The third place we went, LiQun, was located in a maze of grey, dusty, run-down shacks, on a street inaccessible to cars. We would have had an impossible time finding it, but Summer fooled a crooked rickshaw driver into thinking that Dev (who was giving me the a lightning tour of the Forbidden City) was an important Chinese factory owner who would call the Beijing police and have him arrested unless he took her there. It was 2PM, and we were the only ones eating there, in an un-airconditioned room next to an open refrigerator full of ducks, while a sullen Chinese girl alternately mopped the floor and swatted at flies. The duck meat itself was very good - moist, tender, and flavorful, not at all chewy. The pancakes reminded me of the thin, flexible rice paper that you sometimes see surrounding vietnamese spring rolls - they weren't quite as good as the ones at Quanjude, but I liked the little bit of stretch and chew that they had, and they certainly weren't doughy like the ones at Made In China. Unfortunately, the duck skin wasn't as crispy as I would have liked, and the thick layer of fat between the skin and the meat overwhelmed the meat and skin. And, shockingly, the hoisin sauce (which I would have assumed would be constant across the board) was kind of grainy and acrid, noticeably inferior to the hoisin sauces at the other two places. We tried to order garlic sauce and ended up with a paste of garlic and sugar, but it was only about 25 cents down the drain.
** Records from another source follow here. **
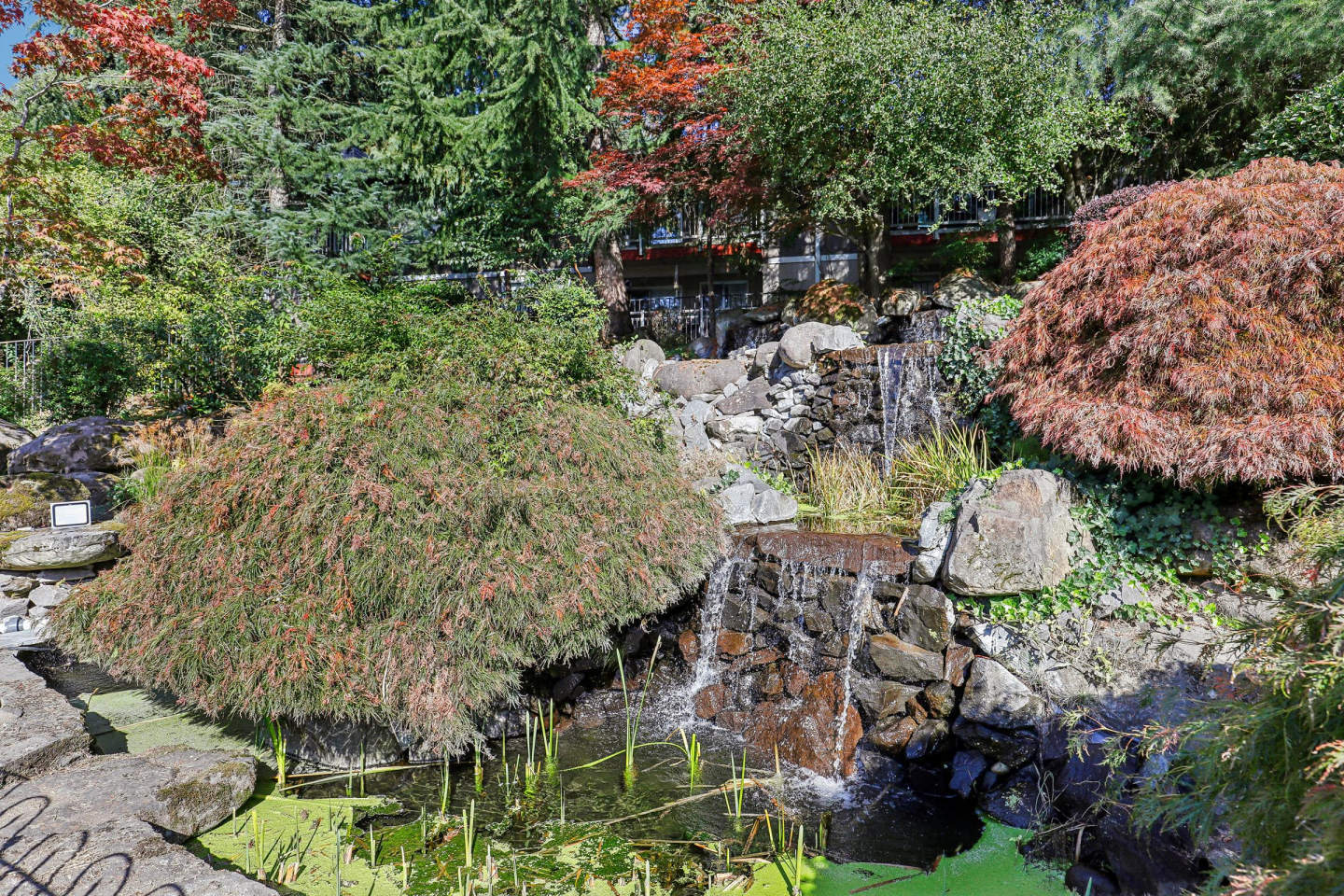 Cascade Park Image 28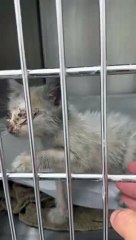 gato, resgate, IRA, Amadora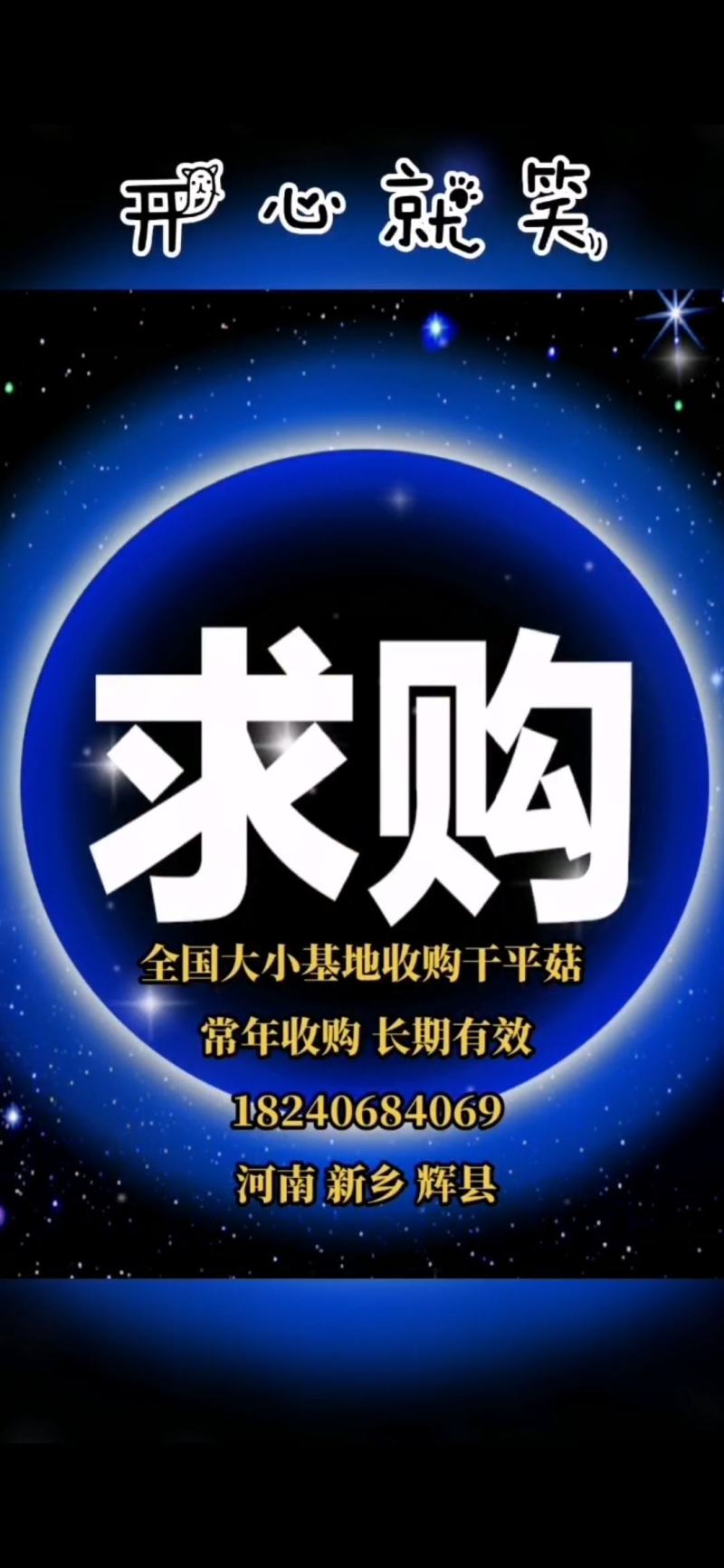 常年上门收购晒干平菇有货联系我好货次货淋雨货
Now, I'm not one to be put off by a little fat, so for me the duck at LiQun was #2 because the meat was so much better than at Made In China; Dev agreed. Summer, who is one to be put off by a little fat, found the duck at LiQun downright difficult to eat, and far preferred Made in China. But we all agreed that the duck at Quanjude was #1.

In other news, the Hey Song Sarsaparilla was undrinkably foul. The Bundaberg products (root beer, ginger beer, and bitter lemon-lime) were all very good. The root beer has sarsaparilla root and licorice root, as well as actual vanilla and cane sugar, and ranks right up near the top of the root beer list (though I wouldn't really classify it with the traditional sarsaparillas). Today I found Bundaberg sarsaparilla at a different store, and I'm looking forward to trying it and comparing the two. The ginger beer was excellent, with a serious bite to it, but not as strong as, say, Blenheim. The lemon-lime was OK, and combined very nicely with ice-cold gin. Tonight we ate at Bubba's, a BBQ restaurant owned and operated by an expatriate Texan. The brisket was as good as Dickey's on a good day, which makes the place a damn sight better than any BBQ restaurant I've been to in NYC.

This is probably my last post from China; I'll get back to you about the Bundaberg Sarsaparilla when I get back to the States. I know you'll be dying with the suspense.